Dataset excerpts:
*** Block opens ***
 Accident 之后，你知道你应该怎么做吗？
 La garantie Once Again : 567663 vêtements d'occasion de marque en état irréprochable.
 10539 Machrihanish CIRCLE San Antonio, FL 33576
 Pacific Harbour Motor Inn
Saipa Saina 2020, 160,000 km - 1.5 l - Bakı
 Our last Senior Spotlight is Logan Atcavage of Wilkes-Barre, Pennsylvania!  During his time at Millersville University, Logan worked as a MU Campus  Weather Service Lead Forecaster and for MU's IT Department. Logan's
*** Block closes ***
*** Block opens ***
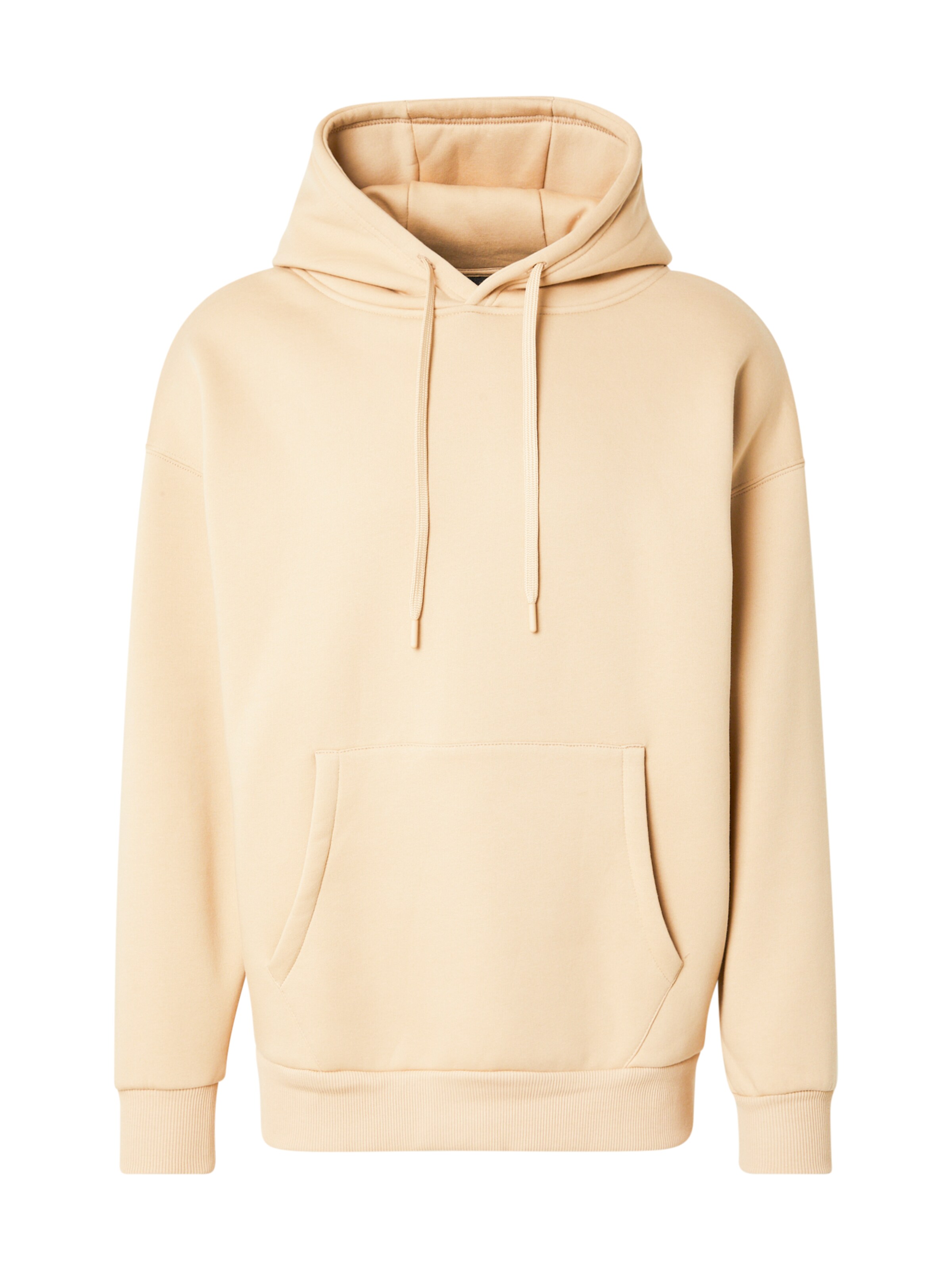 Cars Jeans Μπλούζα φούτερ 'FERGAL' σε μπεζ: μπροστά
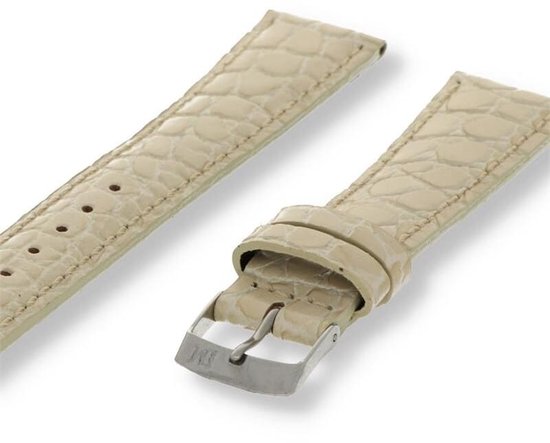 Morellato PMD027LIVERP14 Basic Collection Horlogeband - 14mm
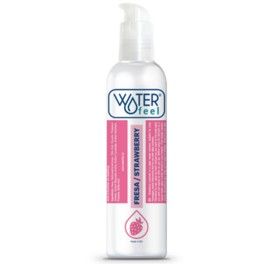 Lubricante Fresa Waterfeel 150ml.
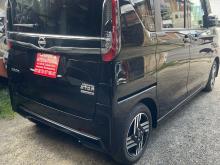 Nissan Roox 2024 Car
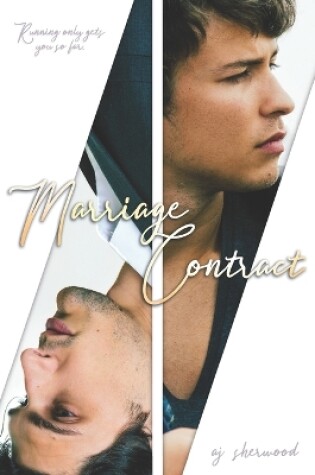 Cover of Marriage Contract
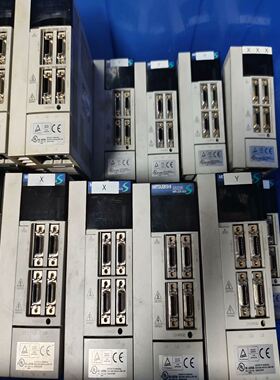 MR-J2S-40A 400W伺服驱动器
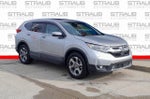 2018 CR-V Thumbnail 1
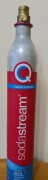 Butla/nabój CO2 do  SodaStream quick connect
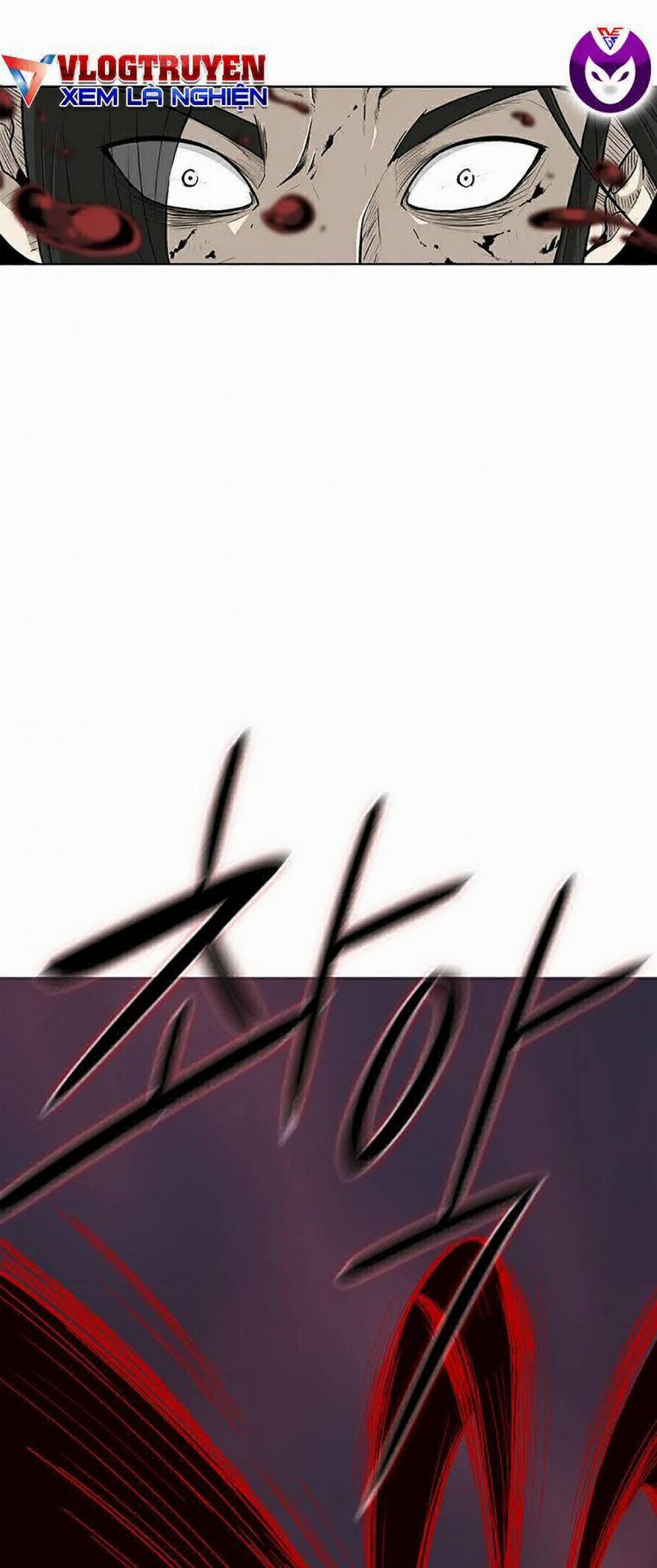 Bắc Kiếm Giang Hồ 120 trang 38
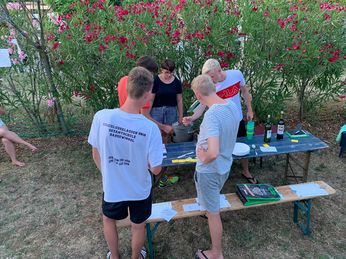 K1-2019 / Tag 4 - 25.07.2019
*** Block closes ***
> Directions
All that should appear in the answer is the lines above from the line with "Bắc Kiếm Giang Hồ 120 trang 38" through the line with "K1-2019 / Tag 4 - 25.07.2019", retyped exactly, pictures left out.

> Expected output
 Bắc Kiếm Giang Hồ 120 trang 38
 K1-2019 / Tag 4 - 25.07.2019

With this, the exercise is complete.